「弊社では、お客様に喜んでいただくために定期的にイベントを開催し、たくさんの方に参加していただいています。毎回大好評で、おかげさまで前回も大盛況でした!」
先日ご相談にいらっしゃったあるお茶屋さんの店長さんのお話しです。自社の商品や同時に提供できる“ゆったりとした贅沢な時間のすごし方”をこよなく愛し、その考え方に賛同していただける方々をお招きしての定例イベントはとても楽しく盛り上がっているようです。普段ご相談にいらっしゃる企業様の多くは、この部分で悩む方が多く、逆に素晴らしいですね~というお話しで盛り上がっていたところ、おもむろにご相談の本質へ。
「そうなんです。我々は一生懸命企画をし、お休み返上でイベントを運営し、喜んでいただいて次につなげる努力をしているのですが、問題はその後なんです…」と。社内では、イベントの開催や情報発信など企業のイメージ戦略は店舗スタッフの仕事で、企業向けの営業(いわゆるBtoB)をする実働部隊は営業部、という役割分担のようです。お茶の楽しみ方やそれがもたらす効果について徹底的に勉強し、その価値を伝えたいと頑張る店舗スタッフと、「所詮、売上の大半はBtoBなんだから、値段で勝負だよ」と考える営業マンとの温度差は広がる一方で、社内のブランドイメージがなかなか定着しないのだそうです。今のままで良いのか?どうするべきなのか?…というのがご相談のようでした。

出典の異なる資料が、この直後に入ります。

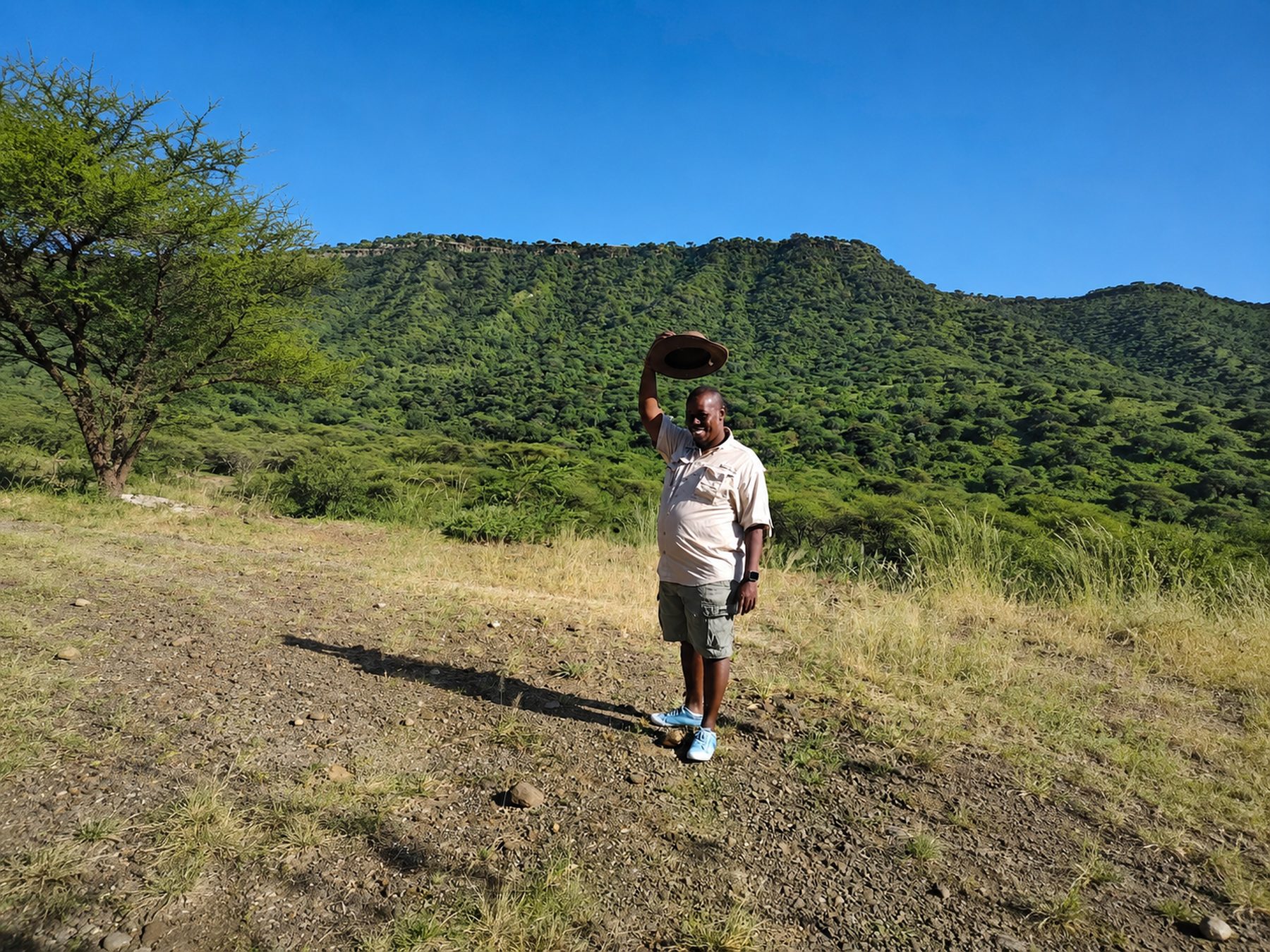Leonard, host at Nguruman Waterfront Resort, with the escarpment behind him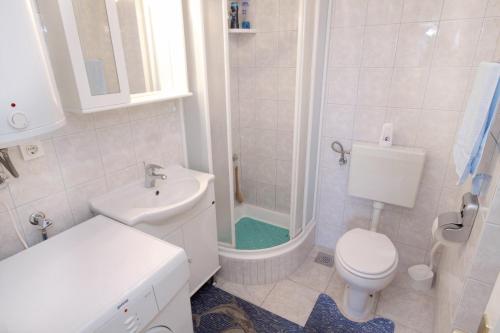 a bathroom with a toilet and a sink and a shower at Apartments by the sea Postira, Brac - 5660 in Postira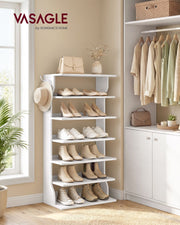 Slim white shoe rack filled with shoes beside a wardrobe, with a hat on the side hook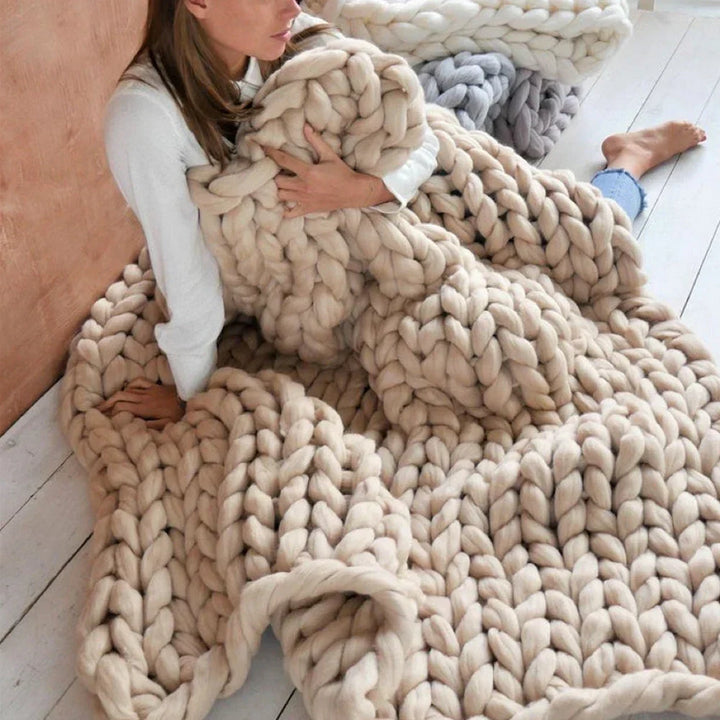Hand-knitting with thick, soft super chunky yarn to create a beautiful, cozy throw blanket.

企業のイメージ戦略(特に人や資金などの資源が限られた中小企業にとって)は、なかなか一朝一夕に行かないのが現状で、そんなのん気なことを言っていても商売アガッたりなんだよ…という営業部の言い分もごもっともです。先ほどのお茶屋さんでも、ノルマに縛られない店舗スタッフは、売上を上げることよりもお客様に喜んでいただくことを重視し、また次回も参加してくれることや、自身のSNSを使って情報発信をしてもらいたい…ということが目的となっているはずです。一方、毎月の売上ノルマに追われ、毎週・毎日行動結果を問われる営業マンはそんな悠長なことをしなくても、他社に負けない価格設定が最優先…と考えてしまったとしても、それぞれの役割が異なるため仕方の無いことでしょう。

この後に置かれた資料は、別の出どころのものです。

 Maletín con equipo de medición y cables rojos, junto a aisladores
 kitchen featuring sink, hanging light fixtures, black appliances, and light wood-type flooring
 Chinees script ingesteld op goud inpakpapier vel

ここから先は経営者の判断なのですが、利益幅の少ない商品を数多く売る手法には間違いなく限界があります。そこから先の戦略がきちんとあるのであれば別ですが、ただ、現状の売上を落としたくないという考えの延長線上では残念ながら画期的な解決方法は生まれません。過去にはそれで売上が立っていたとしても、10年先を考えたとき、本当にその体制のままで良いのでしょうか?自社にしかできない価値を提供し、付加価値を適正な対価で評価してもらえる企業に変化して行く努力や、「また行きたい」「次もここで買いたい」と言ってもらえるブランドづくりを時間は掛かるけどやって行こう!と決めるのか。

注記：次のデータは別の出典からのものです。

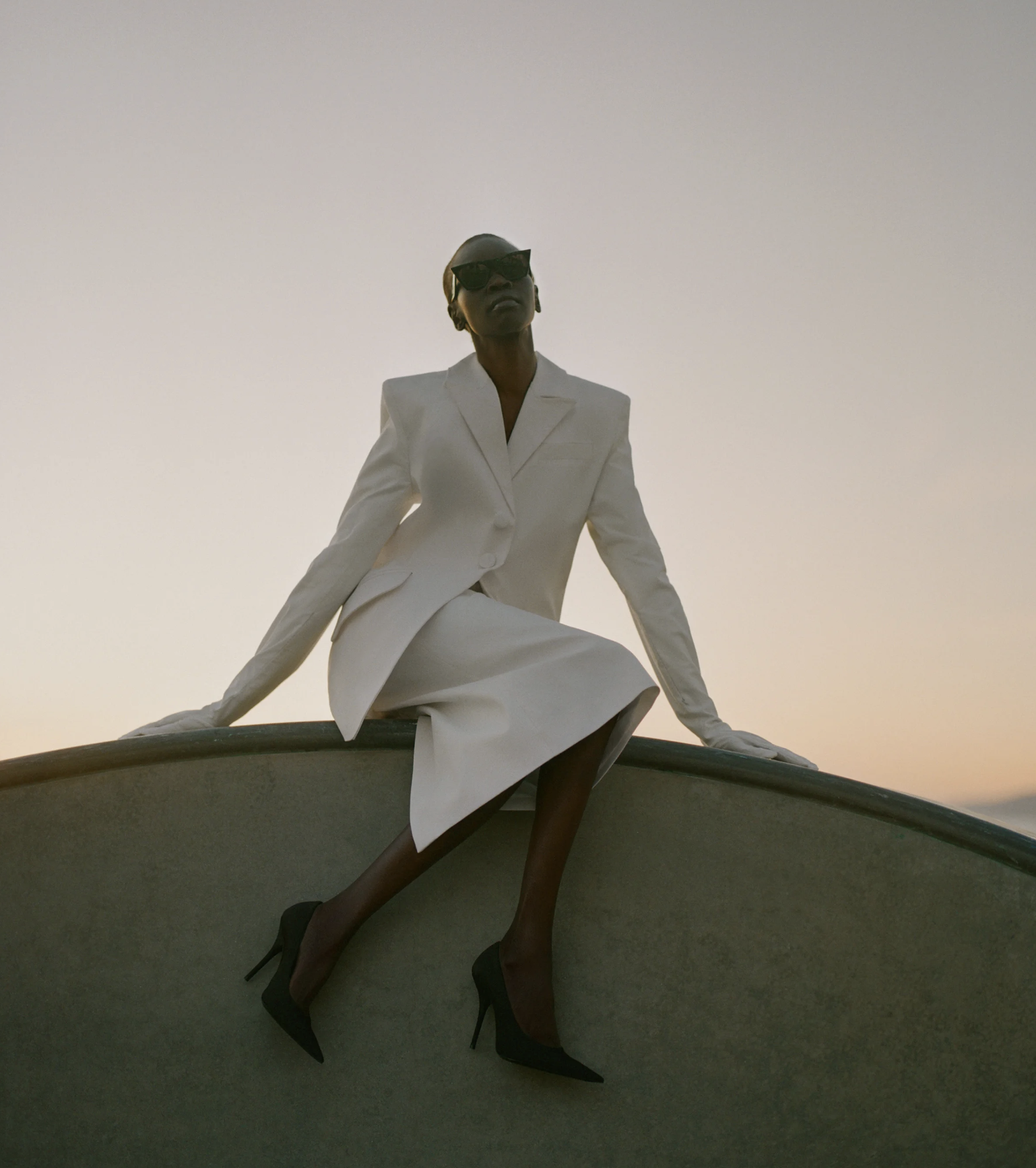 A woman wearing a white suit, black heels, and sunglasses, sitting on a curved surface outdoors at sunset or sunrise.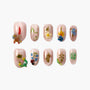 Set of pink shimmer press-on nails with 3D nature designs including flowers, carrot, caterpillar, butterfly, and ladybug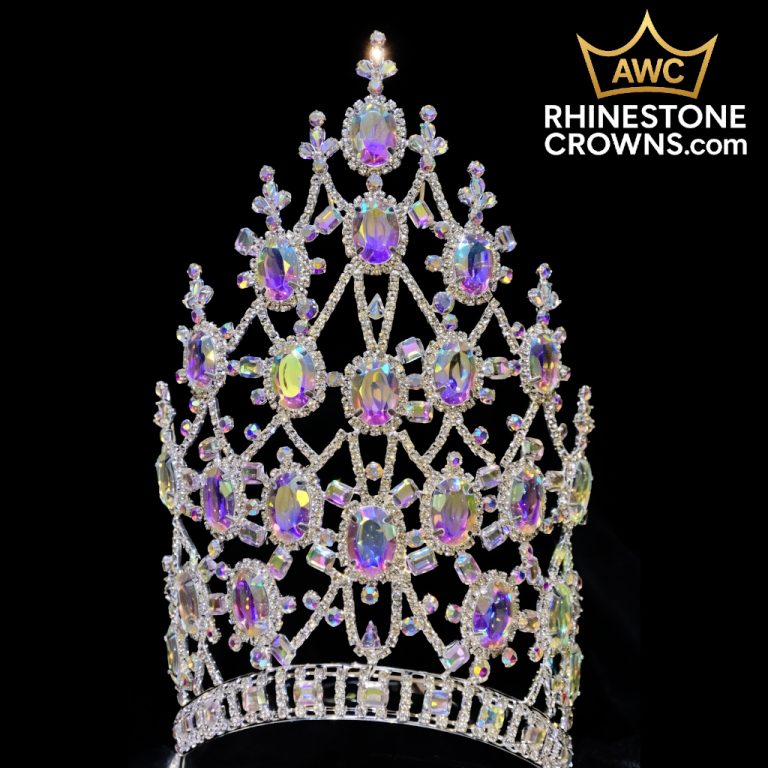 The Christmas Alessandra Series - 8.5" Crown is a tall, ornate rhinestone crown with large iridescent oval gems and intricate lattice design, perfect for pageants or prom; shown on a black background with the AWC logo and RhinestoneCrowns.com in the top right corner.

その時に大切なことは、提供する付加価値を必ず“顧客目線で考える”ことと、こちら側が理想とする顧客像を明確にすることです。当たり前のことなのですが、意外とできないことが多いのです。先ほどのお茶やさんの例で言うと、美味しいお茶にこだわることは大切ですが、顧客が再現しにくい(入れ方が難しい、面倒)とか、味が本格的過ぎて馴染みの無い人には抵抗がある(お茶離れをした年齢層の若い人向けなのか?お茶を極めた人用なのか?)といったことも当然考えていかなければならないのですが、意外とそれらの要素を後から考えて苦戦している企業も多く存在します。「自分達が良いと思うものを一生懸命つくりました!さあて、これをどこで売ろうかな?」という発想です。しかし、評価するのは顧客であり、当然答えは顧客の中にあります。その相手が誰で、何を求め、どうなることを望んでいるのか?を考えていかなければならないのです。かなり大変な作業ですが、これら無くして次の発展はあり得ません。現状の営業体制を一新するためには、まずは「変える!」と決めることと、次に、提供する価値をお客様の立場で考えることが重要です。
経営者の皆さま。現状の低価格競争から抜け出す準備はできていますか?次の高付加価値戦略へのイメージは描けていますか?それは顧客目線ですか?徹底的に顧客の目線に立つと開ける新たな道がそこにあります。御社には見えていますか?